Nebraska 35, Michigan 31
T-Magic and The Denard have one of the shootouts of the season, but Martinez has more bullets in his chamber (or at least more Blackshirts bailing him out of trouble on the other side of the ball).
Northwestern 33, Minnesota 17
With the #PersaStrong campaign on life support after the Nebraska mauling, a desperate Dan persuades the Evil Wizgerald to let him play all over the field; he blocks a kick, intercepts a pass, and throws, runs, and catches a touchdown. Sadly, his Heisman candidacy remains DOA.
Ohio State 27, Penn State 24
Penn State's riding high after knocking off Nebraska in Happy Valley, but a trip to Columbus effectively ends their IlliBuck Division title hopes as Bobert Bolden is knocked out of the game. The Ginger Avenger very nearly leads a stirring comeback... before throwing a game-ending interception.
Minnesota 37, Illinois 34
Minnesota rallies around the "Win one for the Killster" battle cry, while Zook notches another semi-inexplicable conference loss to complete the circle of life in the Big Ten.
Purdue 34, Indiana 24
OMHR regains their precious bucket, even with the campus intramural champions suiting up at half the positions.
Nebraska 27, Iowa 24
A Vandenberg-led comeback falls just short after a Nebraskan "hero" clad in nothing but a corncob hat streaks onto the field, distracting the Mandenberg and causing him to throw a game-clinching interception.

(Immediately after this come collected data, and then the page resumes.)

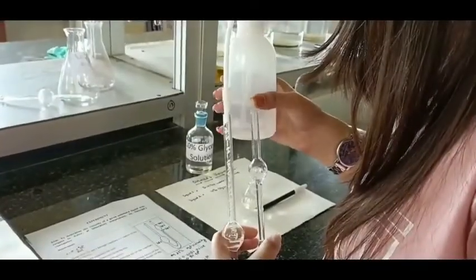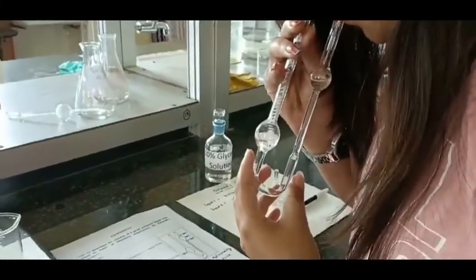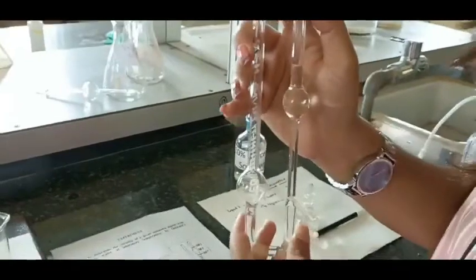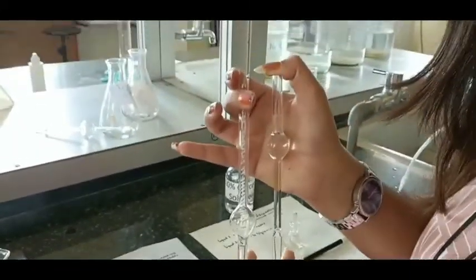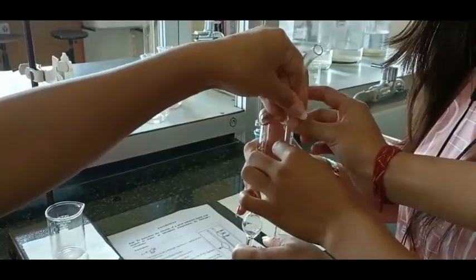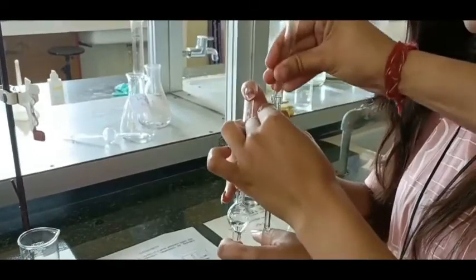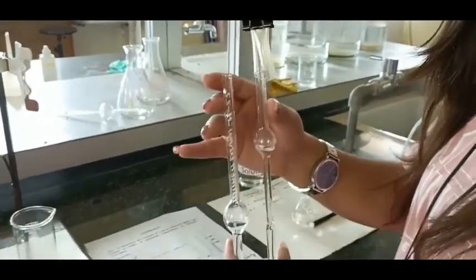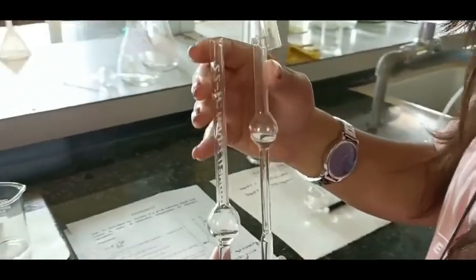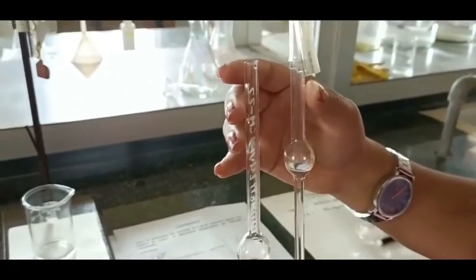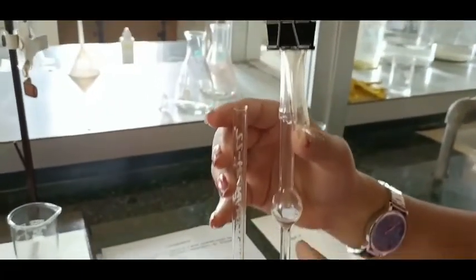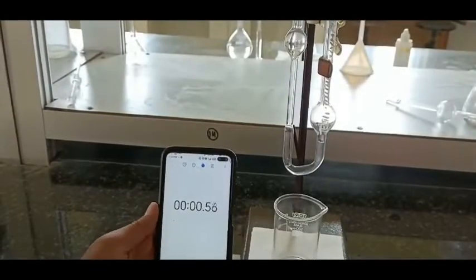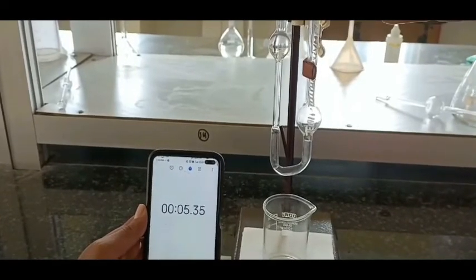Now I will show how to do this experiment with the viscometer. We suck from bulb B up to bulb A. Here you can see the etched mark — up to this mark we have to fill the liquid. We adjust the rubber cork to maintain constant pressure. When we remove our finger, the liquid does not move at all — this is how we maintain pressure. If we lose pressure the liquid starts moving.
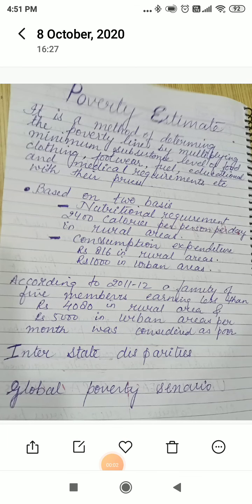Hello, welcome back to Economics class. In this chapter, 'Poverty as a Challenge,' we had already discussed what is poverty, what are the social indicators set by social scientists, what is social exclusion, what is vulnerability, and what is the poverty line. The next topic is poverty estimates.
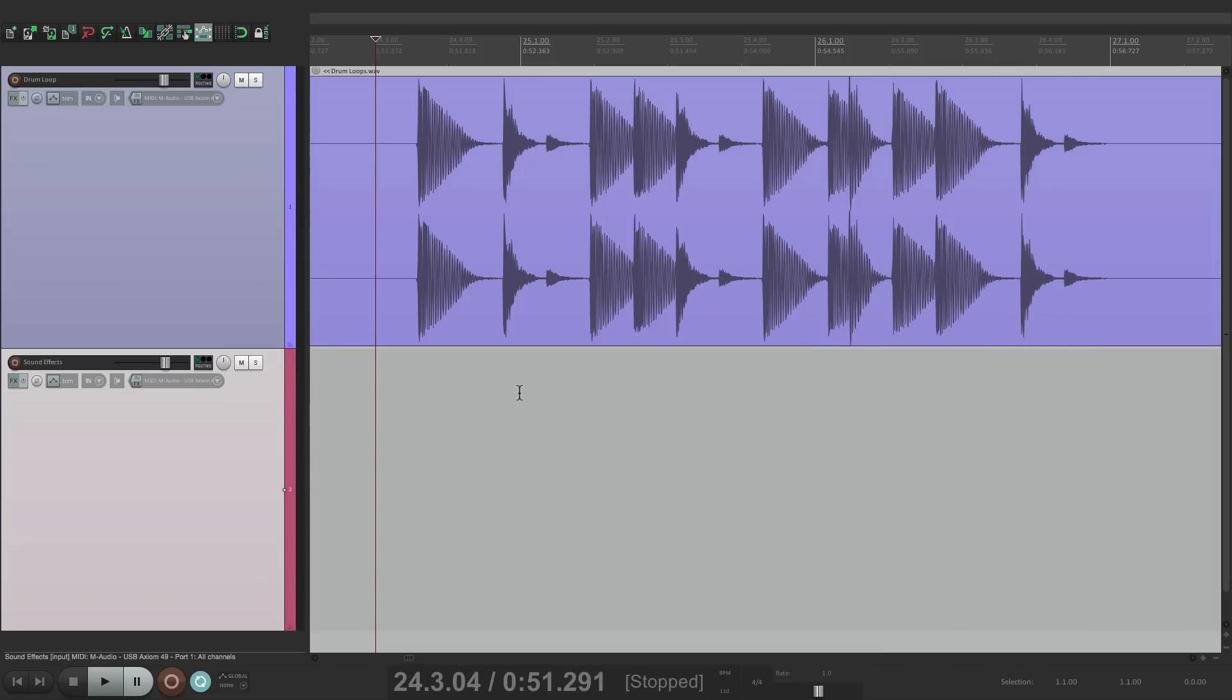Let's use this one right here. Now it's a two bar loop, but let's say we just wanted to use the first bar. So we want to select it and copy it and paste it to the beginning of the song.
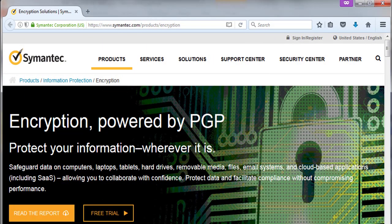Symantec acquired PGP, and Symantec PGP desktops and servers are now launched. PGP — this is an acronym for Pretty Good Privacy. This is an encryption program that provides cryptographic privacy and authentication for data communication. PGP is used for signing, encryption, and decrypting texts, emails, files, and directories.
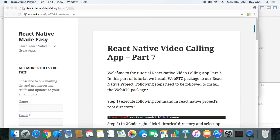Hi everyone. Welcome to the tutorial React Native Video Calling App Part 7. In this part of the tutorial we will install the WebRTC package to our React Native app. So let's get started.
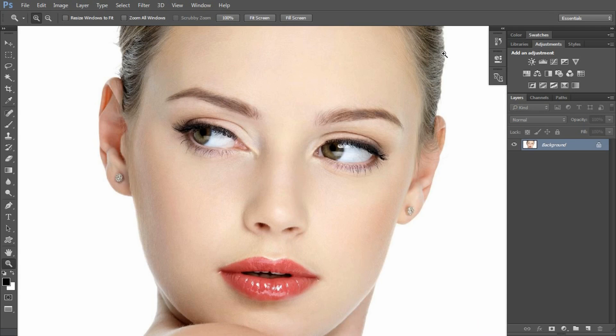Hi, this is Nitin Shahu from Nitin Photography. I am going to show you a super simple way to change lips color.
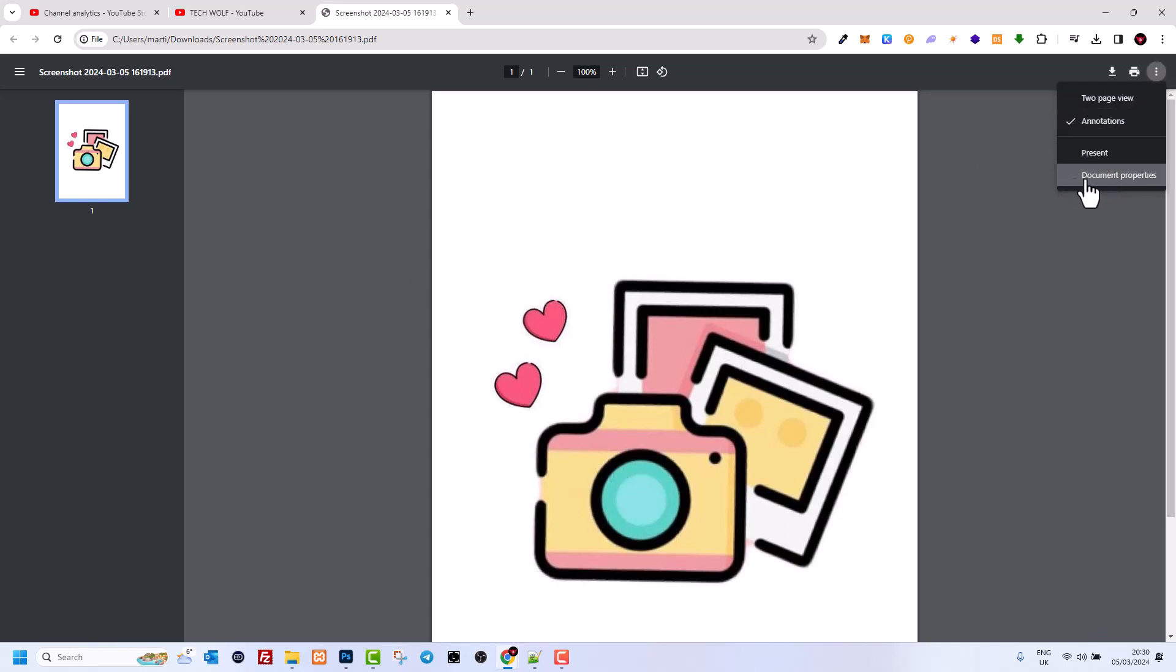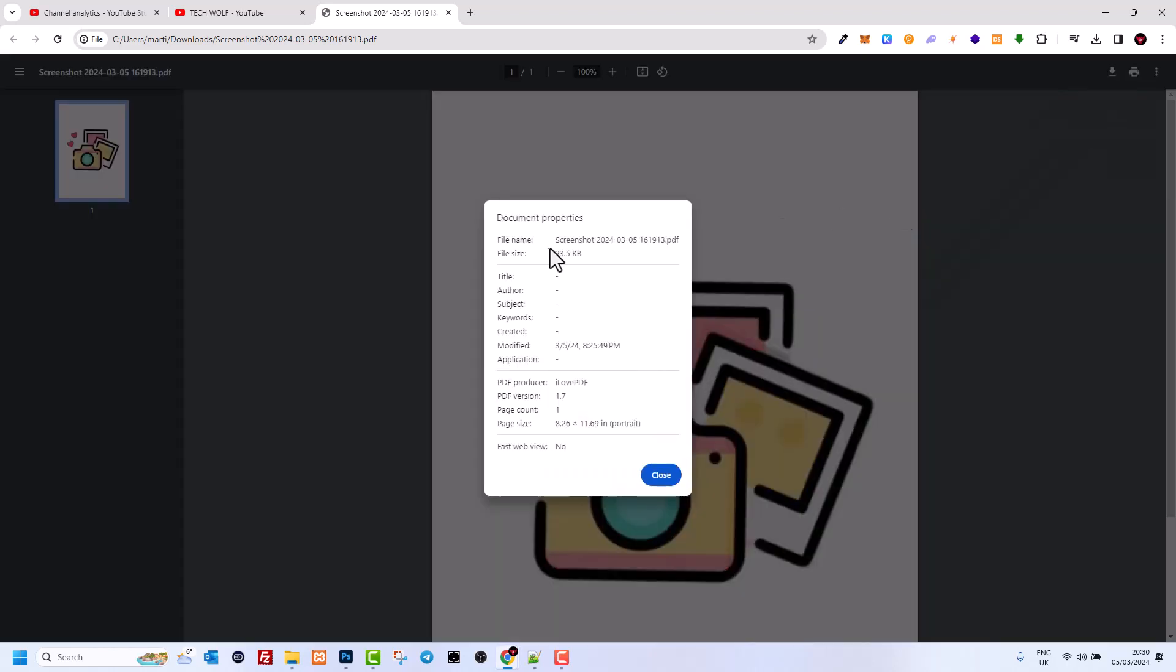Here you also can see file name which is screenshot.pdf, and file size for this is 23.5 kilobytes.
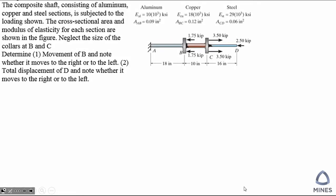For this problem, we need to find out the movement of plane B, and finally what is the total displacement at D. We just learned how to calculate the deformation under axial load, so we are going to use PL over AE to calculate the deformation.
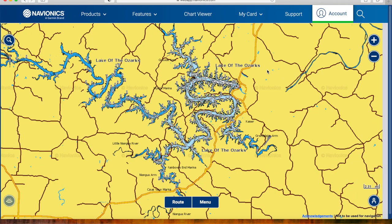Hey guys, it's Austin. I'm going to do a little video here on channel swings and channel banks at Lake of the Ozarks during the winter time — how to find them on your maps and other things to look for, and most importantly how to catch fish on them. I'm using the Navionics web app, which you can Google — it's free — and also Google Earth.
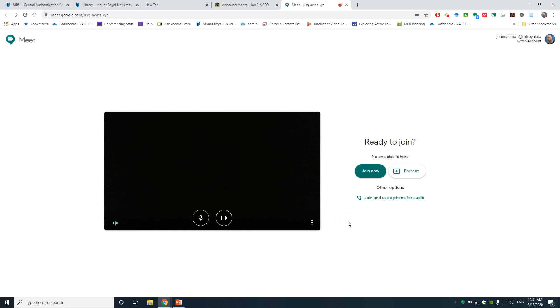Now that you've successfully tested your video and audio, you're ready to join the meeting. Click on Join Now. And now we're actually in the Meet meeting space.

Michigan 31, Ohio State 21
Michigan wins the one game they want to win more than any other this year when Denard Robinson goes beast mode. Hoke and Fickell eschew the traditional post-game handshake for a post-game arm wrestling contest; the smaller Fickell uses his elite MMA skillz (and knowledge of leverage) to prevail, salvaging some small measure of Buckeye pride.
Northwestern 34, Michigan State 31
jNW is good for one upset of a good team every year, right?
Wisconsin 28, Penn State 24
Russell Wilson Russell Wilson Russell Wilson.
Floyd of Rosedale Division
1) Nebraska 10-2 (6-2)
2) Iowa 8-4 (5-3)
3) Michigan State 8-4 (5-3)
4) Northwestern 8-4 (4-4)
5) Michigan 7-5 (4-4)
6) Minnesota 4-8 (1-7)
1) Wisconsin 11-1 (7-1)
2) Penn State 8-4 (5-3)
3) Ohio State 8-4 (4-4)
4) Illinois 7-5 (4-4)
5) Purdue 6-6 (3-5)
6) Indiana 1-11 (0-8)
BIG TEN CHAMPIONSHIP GAME
Wisconsin 13, Nebraska 7
Russell Wilson and Taylor Martinez are both injured in the first quarter, leading to the first championship game in which neither team attempts a pass over the final three quarters. Woody and Bo nod approvingly from the afterlife.
And likely bowl berths if things shook out like this:
BCS2: Nebraska (although maybe not with three losses)
Capital One: Penn State
Outback: Ohio State
Insight: Michigan State
Meineke Car Care: Michigan
Pizza Pizza: Northwestern
Move everyone down one slot if only one B1G team gets into the BCS. Which might see Iowa in one of the crappy Texas bowls, assuming the Insight doesn't want Iowa two years in a row.
I'll be doing Wha Happened? again this fall, so I'll be able to bask in the glory of the predictions that make me look like a genius... and also around to eat crow for the picks that inevitably make me look like even more of a know-nothing fool.